Thu Apr 03, 2008 5:18 am



Quoting Zeke (Reply 57):
Quoting KC135TopBoom (Reply 53):
Now, I will agree Boeing has paid therough the nose with the Wedgetail airplanes. That is a very complicated weapons system, even more so than the E-3 AWACS, because the radar antenna has no moving parts.


A number of AEW&C aircraft are flying, you can pick them up from half a dozen different manufacturers, even Boeing has more than one platform that does that role, I fail to see what is "very complicated" about it. In terms of being a "weapons system", as fair as I am aware, the aircraft will not carry any weapons.

There is no requirement for a weapons system airplane to carry bullets, bombs, or missiles. The shooters (fighters, attack aircraft, and bombers) do, but other weapons systems include force projection (tankers), force management (CCC), recon, AWACS, some cargo (paratroops, and AF Airlines (Argentina)">SF guys), Helios, and others. So, Wedgetails are weapons systems. If you don't understand why an AWACS type aircraft is complicated, then you don't understand how and why the military forces use airplanes. Any airplane in the military is built for one, or more, mission types.
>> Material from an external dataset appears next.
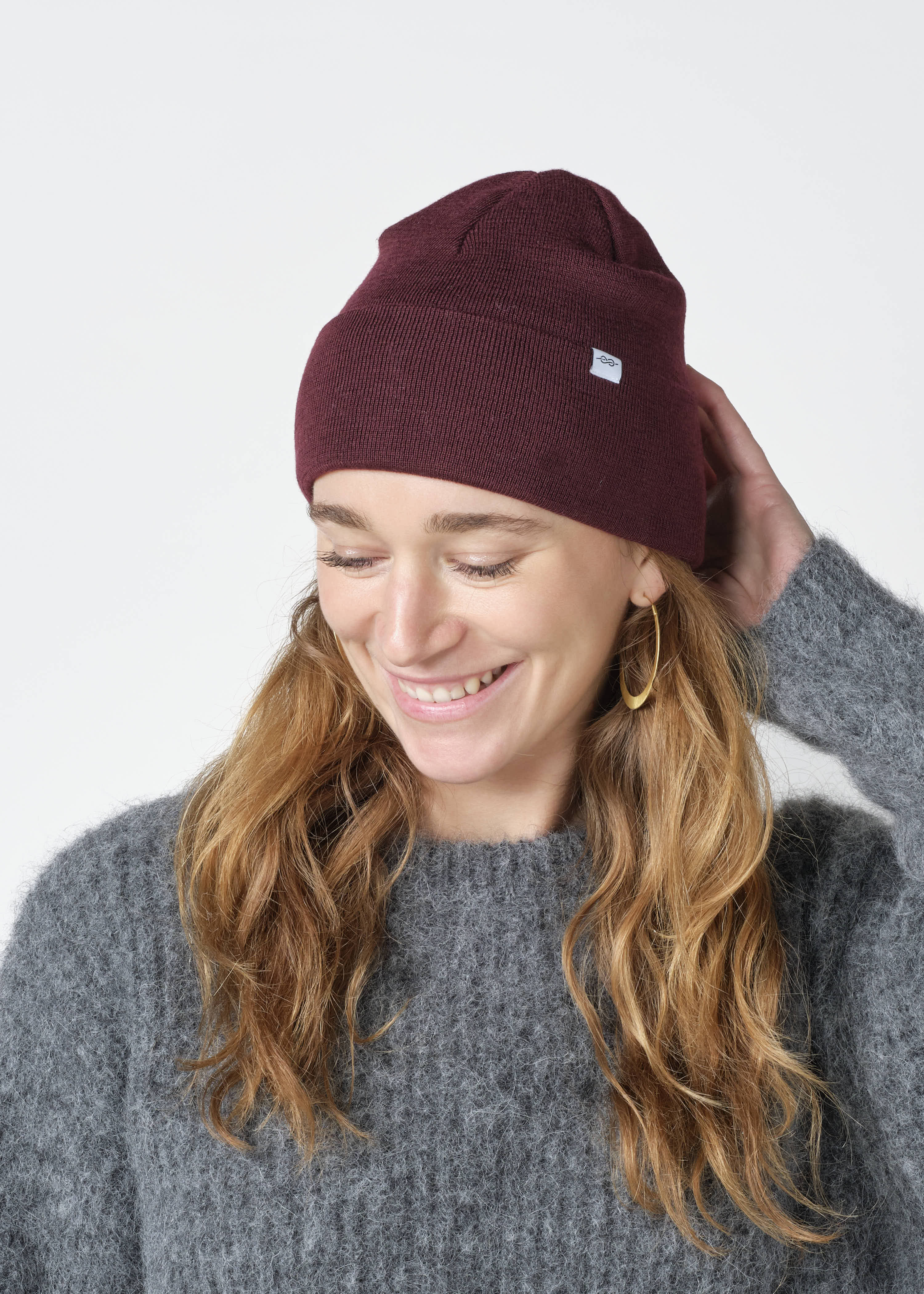 Fine Rib Beanie Merinowolle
Even though most of the mission work is done by back end crews, that does not mean the flight deck crew doesn't have additional tasks assigned beyond simply being a pilot. On many types of aircraft, you have an Aircraft Commander (the Pilot in Command), and a Mission Commander. The PIC is only responsible for safety of flight issues, the Mission Commander is responsible for everything else. The Wedgetail is one of the most complicated airplanes ever built in terms of what it is expected to do for the RAAF. It is near the top of the most expensive airplanes ever built, eclipsed only by the different RC-135 versions, the B-2, VC-25, E4s and the USAF E-3.

Quoting CYQL (Reply 62):
First KC-45 In Germany For Cargo Mods

KC-45%20In%20Germany%20For%20Cargo%20Mods" target=_blank>http://www.aviationweek.com/aw/gener...0In%20Germany%20For%20Cargo%20Mods

Looks like EADS is proceeding with cargo conversion of the first KC-45A on their own. At least they have confidence in their product to go ahead with development without Air Force funding. I don't see Boeing funding a KC-767AT on their own to prove it is less risky than a KC-30.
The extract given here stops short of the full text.